#### What is required:
Pictures must not appear in the copy. Set down exactly the line with "Wohnung mieten - Forellenweg 22, 7015 Tamins" and each line after it through the end of the data below.

#### Provided data:
______________________________

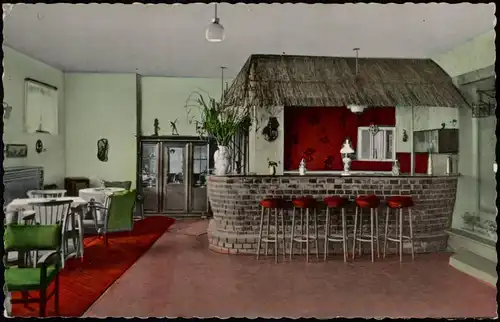 Mardorf (Steinhuder Meer)-Neustadt am Rübenberge WALDKAFFEE BANNSEE - Bar 1968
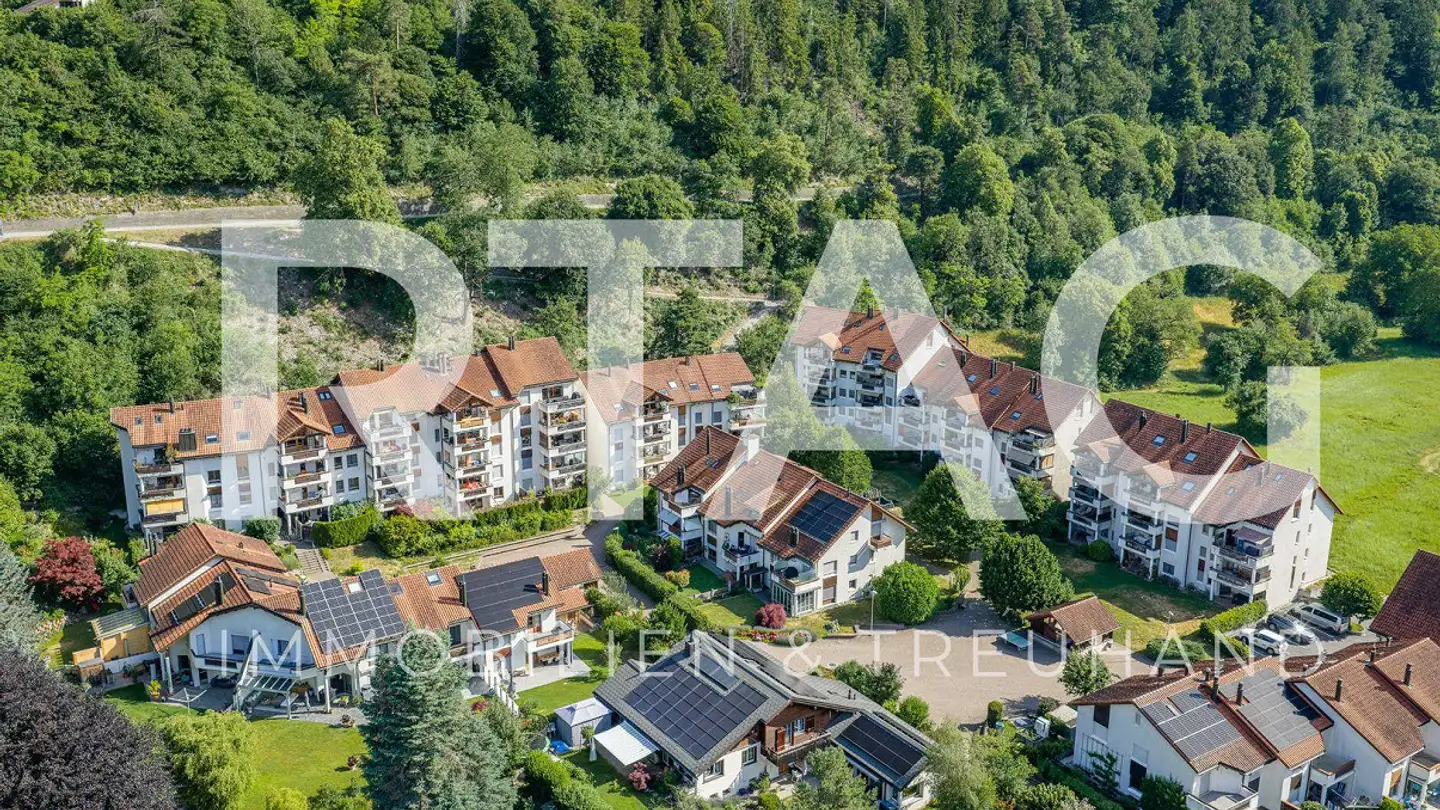 Wohnung mieten - Forellenweg 22, 7015 Tamins
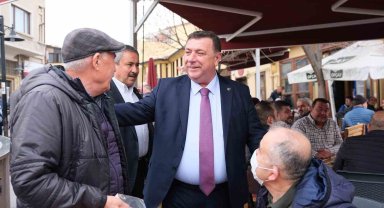 Özkan Alp: "Odunpazarı'na teleferik yapacağım"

______________________________

#### Written response:
 Wohnung mieten - Forellenweg 22, 7015 Tamins
 Özkan Alp: "Odunpazarı'na teleferik yapacağım"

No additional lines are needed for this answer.